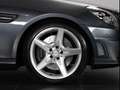 Mercedes-Benz SLK 350 V6 3.5 L 24 S Gold - thumbnail 22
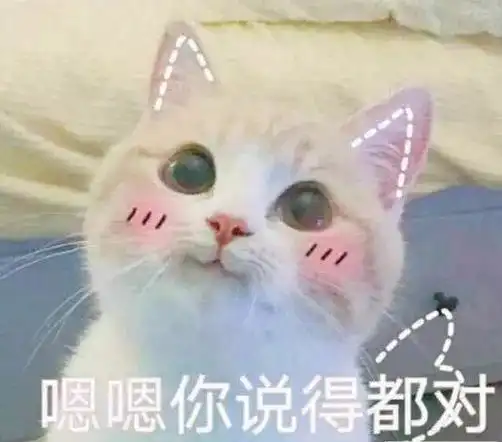 这是来自春日温暖日光下的问候
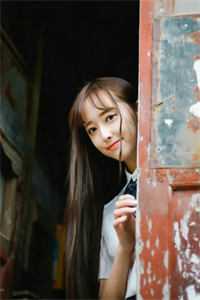 港岛风月暮迟迟后续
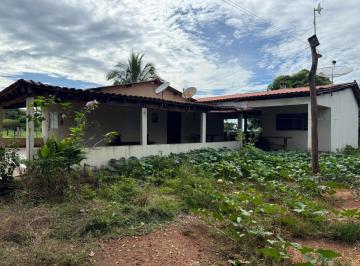 8b76b608-1f6d-4925-986e-6f6e54790708 · Elegante terreno rural para venda em São José do Povo, 500,000m²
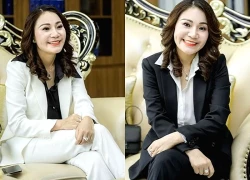 CEO Bất động sản Nhật Nam khai về chuyện tiêu tiền thu được của nhà đầu tư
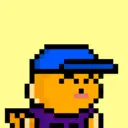 pixel seal 2261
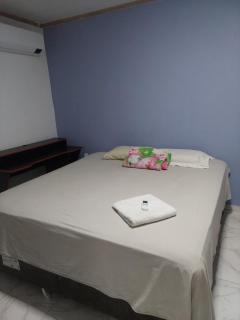 Qroom Janaina - Cruzeiro do Sul - 5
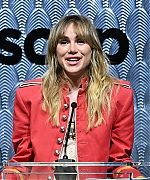Filename=003.jpg
Filesize=1407KiB
Dimensions=3000x2046
Date added=May 03, 2026 003.jpg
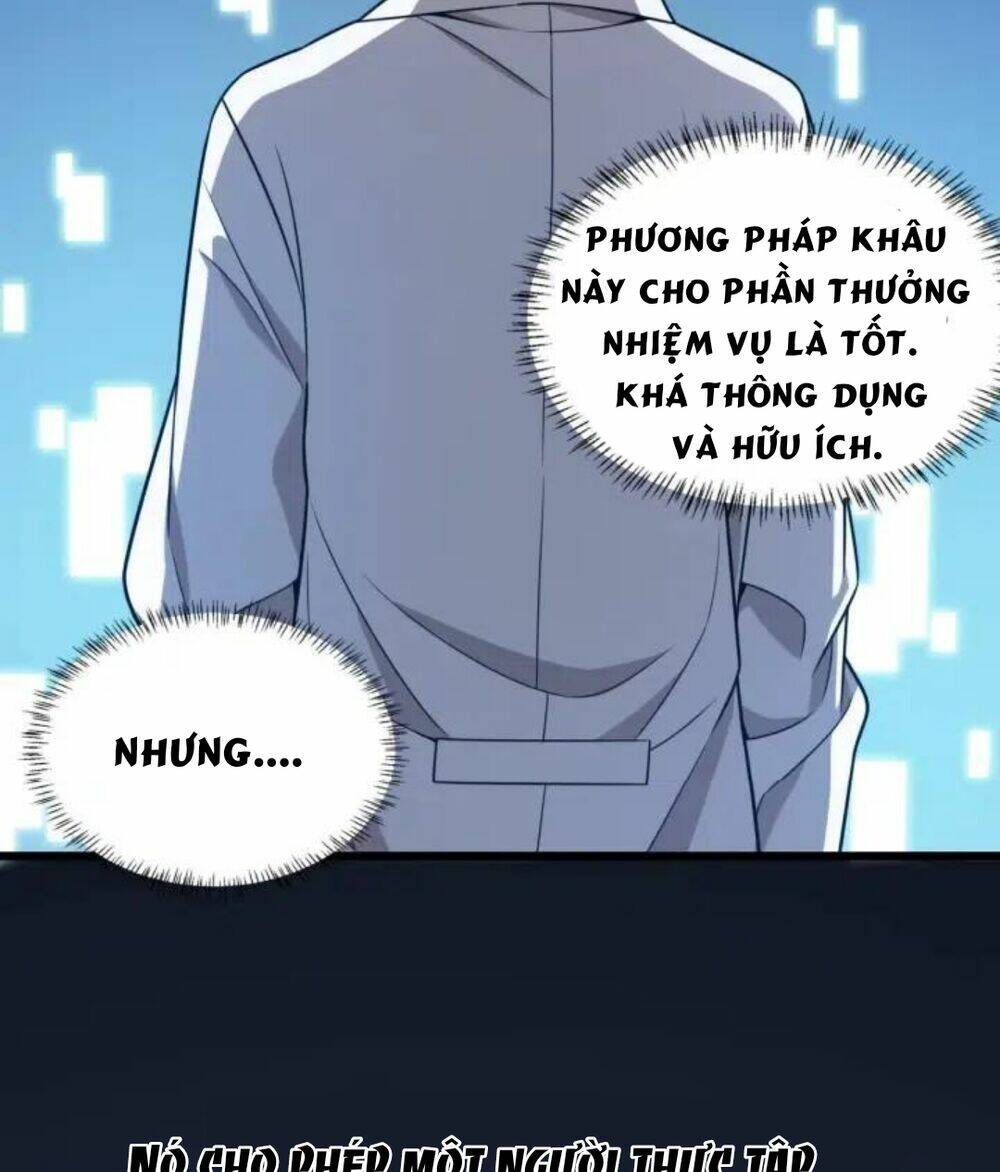page_62.jpg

▸ **The task**: The listing above is to be written out again exactly, with its pictures omitted.

▸ **Finished exercise**:
 Mercedes-Benz SLK 350 V6 3.5 L 24 S Gold - thumbnail 22
 这是来自春日温暖日光下的问候
 港岛风月暮迟迟后续
 8b76b608-1f6d-4925-986e-6f6e54790708 · Elegante terreno rural para venda em São José do Povo, 500,000m²
 CEO Bất động sản Nhật Nam khai về chuyện tiêu tiền thu được của nhà đầu tư
 pixel seal 2261
 Qroom Janaina - Cruzeiro do Sul - 5
Filename=003.jpg
Filesize=1407KiB
Dimensions=3000x2046
Date added=May 03, 2026 003.jpg
page_62.jpg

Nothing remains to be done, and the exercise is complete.